The PIAA transfer problem is trickier than it seems (column)
The Saints, from Philadelphia, have won four in a row. In their 63-46 win over Bishop Canevin Monday for the PIAA Class 3A title, Johnson didn’t even start.
But when Johnson transferred to N-G from Phoebus High School in Virginia in February, she walked into the eye of a storm.
There is an increasingly loud and angry cohort, among people who follow high school sports in Pennsylvania, who feel that the game is rigged.
For those people, Johnson is the latest Exhibit A:
A mid-season transfer. From a school four states and nearly 300 miles away, to what amounts to an elite magnet school for basketball. By a kid averaging 33 points a game at her old school.
District 12, which represents the School District of Philadelphia, handled Johnson’s transfer. She actually enrolled at N-G in February, but wasn’t allowed to play until after the District 12 committee approved the transfer March 5.

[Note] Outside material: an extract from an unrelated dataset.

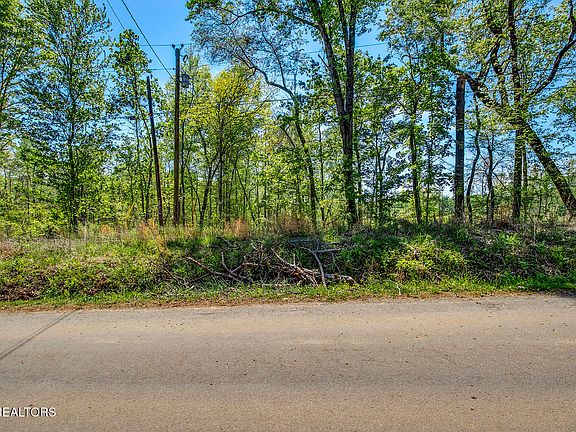 2nd image of 505 Oak Grove Rd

“I have to give District 12 credit for that,’’ PIAA Executive Director Robert Lombardi said Tuesday.
“They did everything properly and people might not like the decision, but they treated the student fairly.”

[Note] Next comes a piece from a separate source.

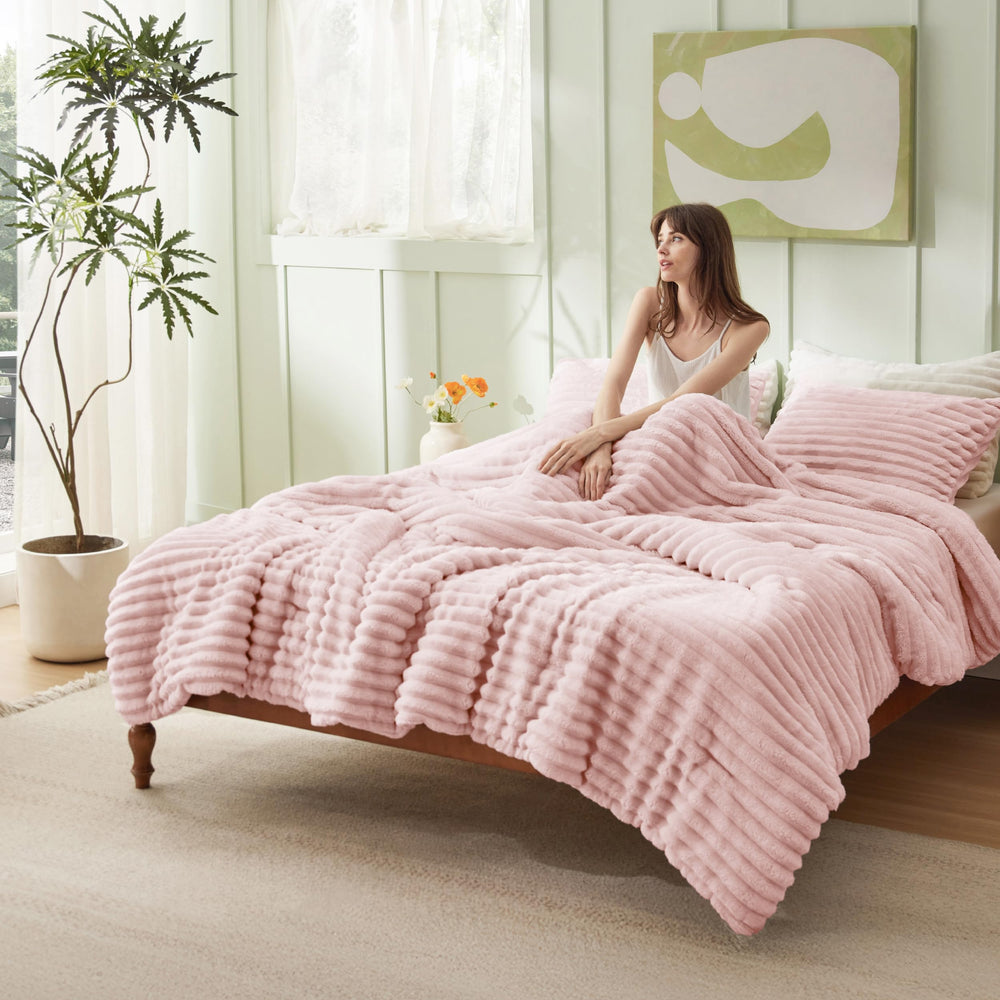 Bedsure couette sur lit en situation lifestyle apportant ambiance cosy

Not everyone is giving District 12 credit.
“It seems every year now, the state tournament comes and the eastern part of the state dominates,” Bishop Canevin coach Scott Dibble told the Pittsburgh Post-Gazette last week. “The reason they do is because kids go to school wherever they want.

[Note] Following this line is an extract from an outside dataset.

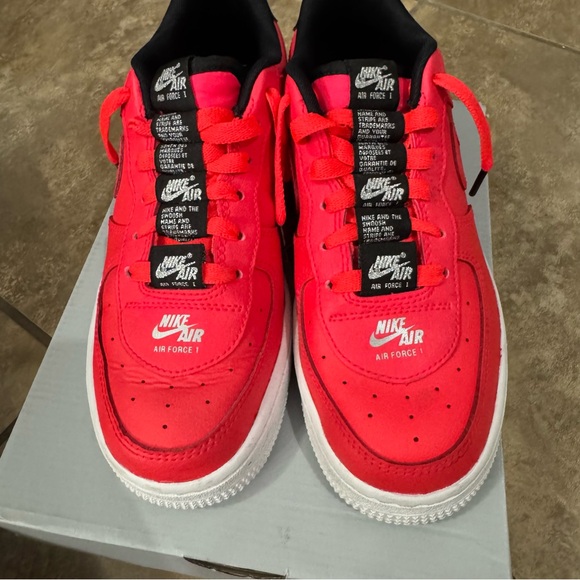 2020 Nike Air Force 1 LV8 3(GS) - Picture 4 of 9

“I should’ve gone down to Florida two weeks ago and brought two players up here to play and said they’re here for academics and family reasons. But (District Seven, or the Western Pa. Interscholastic Athletic Association) would never let that happen because they have ethics and stick by them.”
We should point out here an interesting truth: Philadelphia has, arguably, 4-5 elite magnet schools for boys’ basketball and another 2-3 for girls basketball. Pittsburgh, arguably, doesn’t have any.
Western Pa. certainly has one in Kennedy Catholic, in the Northwest corner of the state (District 10, not the WPIAL). And the Pittsburgh area certainly does have such powerhouses in other sports, like football.
Another truth: Contrary to popular belief, the folks who run the PIAA look at the entire morass of competitive equity issues - transfers, recruiting, the public/private divide - with as much dismay as anyone else.
They hate it, too. They just don’t publicly say so. They realize the complexity involved and the hurdles to reform.
But they keep trying.
On Monday, the PIAA Board of Directors passed an amendment to the transfer rule. It makes students ineligible to play a sport if they transfer from a school at which they’ve already played half a season in that sport.
And if they haven’t played half a season, in-season transfers must wait 21 days to play.
Further, the Competition Committee last week recommended a first reading of an even stronger limitation: Making senior-year transfers ineligible for the postseason.
That is, if you play basketball at School A as a junior, and transfer to School B during or before your senior year, you can’t play postseason basketball for your new school.
That change gets a first-reading look in May. It can’t actually happen until three readings and then a vote are complete.
Still, Lombardi said, “That’s pretty strong. There was a feeling that a lot of late-career transfers are a hidden attempt at competitive advantage.’’
Under the amendment approved Monday, Diamond Johnson would not have have been able to play hoops at N-G this season.
Except that the rule can be waived by district committees for exceptional or unusual circumstances. District 12 officials cited a “private family situation,’’ as the reason for Johnson’s transfer.
Would they have regarded the private family situation as an exceptional or unusual circumstance?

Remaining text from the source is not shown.